8969 Ron Routledge (RRMC RMC 1971), Houston TX

3 Comments

  • John van Haastrecht

    August 4, 2009 at 12:09 pm

    I apologize for the dissatisfaction with the placement of the commerative stones. It is difficult to satisfy everyone to their placement and it was felt to establish some order the class approach would be best. However we at the Foundation are open to constructive suggestions that have universal appeal .
    As far as maintenace is concerned the Foundation has only 2 staff members non who have a job description of landscape maintenance. We have however recognized that the College maintenance services have other priorities. Our new Executive Vice President Glenn MacDonald is putting into to action a regular maintence program with 3rd party contractors.
    The Foundation directs all it’s resourced over the cost of administrative services to the benefit of the college and the Cadet’s . Other than the staff previously mentioned all other individuals involved with the Foundation donate time and funds selflessly with the ultimate goal being to benifit the College and the serving cadets. Bear with us. John
    Current Foundation President

  • Yvonne Karn

    August 4, 2009 at 3:03 pm

    Dear Mr. Van Haadytrecht:

    My husband graduated in 1959 and this year is the 50th anniversary of his graduation.
    He died in 1995 after a 7 year battle with cancer. He did not live to become a member of the ‘Old Brigade’. Since he requested that his ashes be spread in the Pacific Ocean we do not have a specific place where we can honor him. We chose to have a commerative stone at the arch because he marched through the arch so many times and he loved the fact that the cadets were remembered there every Sunday. For all these reasons I hope that RMC will keep these stones cleared and readily seen so that my family in Canada and our family here in California can visit the arch and honor my husband’s life and dedication to the college. I would gladly pay maintenance for the area at his stone please don’t let it become overgrown and forgotten. My family and I will be coming to Canada with me in October for the 1959 class reunionand celebration of 50 years since graduation. We will be visiting my husband’s Commemorative Stone to pay respect to him.

    Best Regards

    Yvonne Karn W4542
    25421 Charlinda Dr
    Mission Viejo, California 92691 USA

  • Wayne Mac Culloch

    August 10, 2009 at 10:16 am

    I’m in agreement with Ron on this one, and have a question for John Van Haastrecht: Who, exactly, “felt…the class approach would be best”? I don’t recall this being debated by Ex-Cadets, who unarguably should have sway in the matter.
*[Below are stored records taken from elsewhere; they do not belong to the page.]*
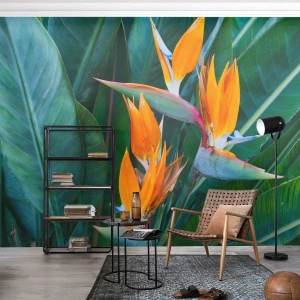 Fototapeta Premium Sand - Je to květina, nebo pták? - Královská Strelitzia, Květ, Afrika - 400x280 cm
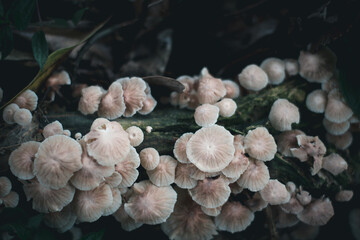 White mushroom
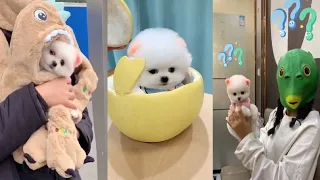 Tik Tok Chó Phốc Sóc Mini | Funny and Cute Pomeranian Videos #45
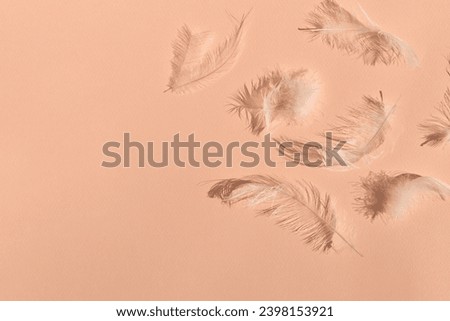 Messy white feathers on peach texture background with natural sun light shadows. Peach fuzz , trendy color of 2024 year concept, lifestyle, copy space. Royalty-Free Stock Photo #2398153921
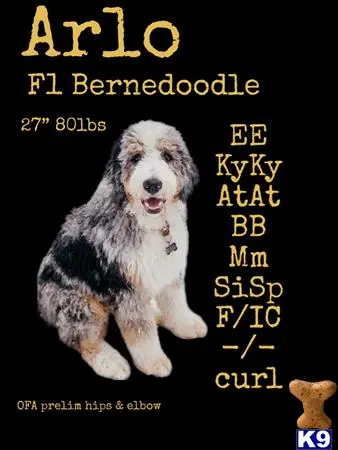 Bernedoodle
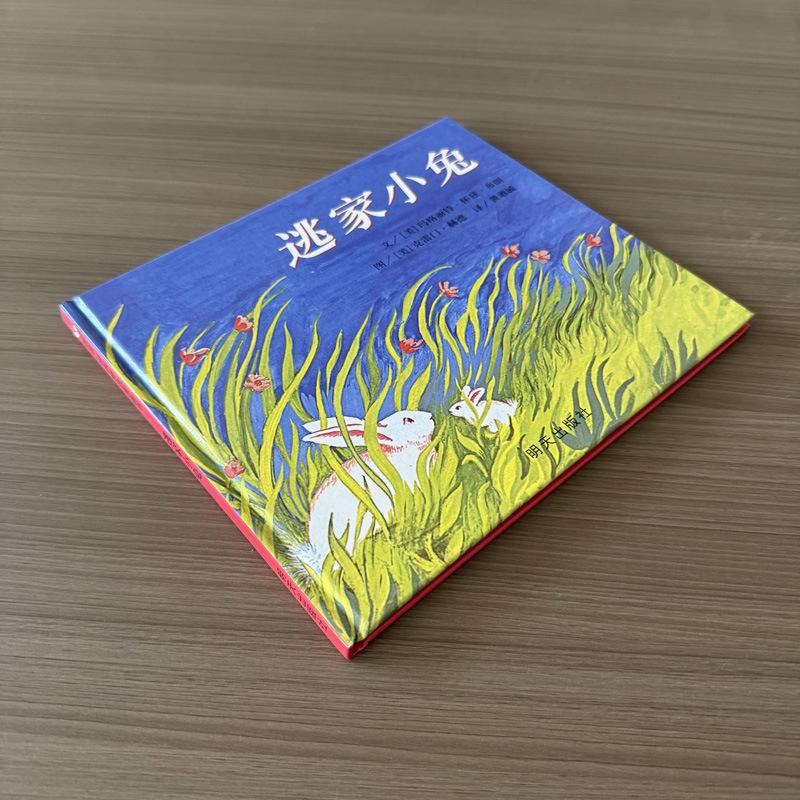 Runaway Little Rabbit: Picture Book for Children Aged 1-4 Hardcover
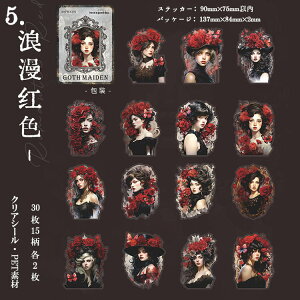 o lV[ NAV[ 傫 SVbN SX CXg V[ X`[pN LN^[ XebJ[ R[Wf l V[ 30 PET V[ ϐ  ̎q O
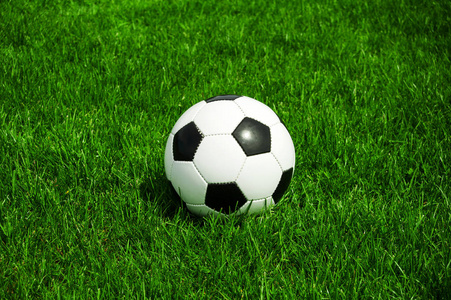 多人交流讨论场景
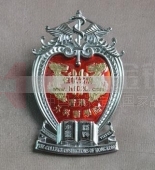 香港外科医学院高级徽章,高档金属制品,金银工艺品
    The matter of the maintenance of memorials is a very important one, and the previous remarks have left me perplexed and, indeed, indignant. Why does the College push such ideas so hard if it hasn’t thought through the issue of long-term maintenance? Such short-sightedness is hardly the hallmark of the excellence of a professional officer so touted in its advertising. That the pleas for improvement had to come from those who had lost loved ones is especially damaging and can hardly encourage others to purchase stones. We must do better.

    I understand the seemingly constant fixation on funding resources and their uses, but strongly support and encourage the development of a Web-based index, both alphabetical and graphical, of this deeply heartfelt memorial, without delay.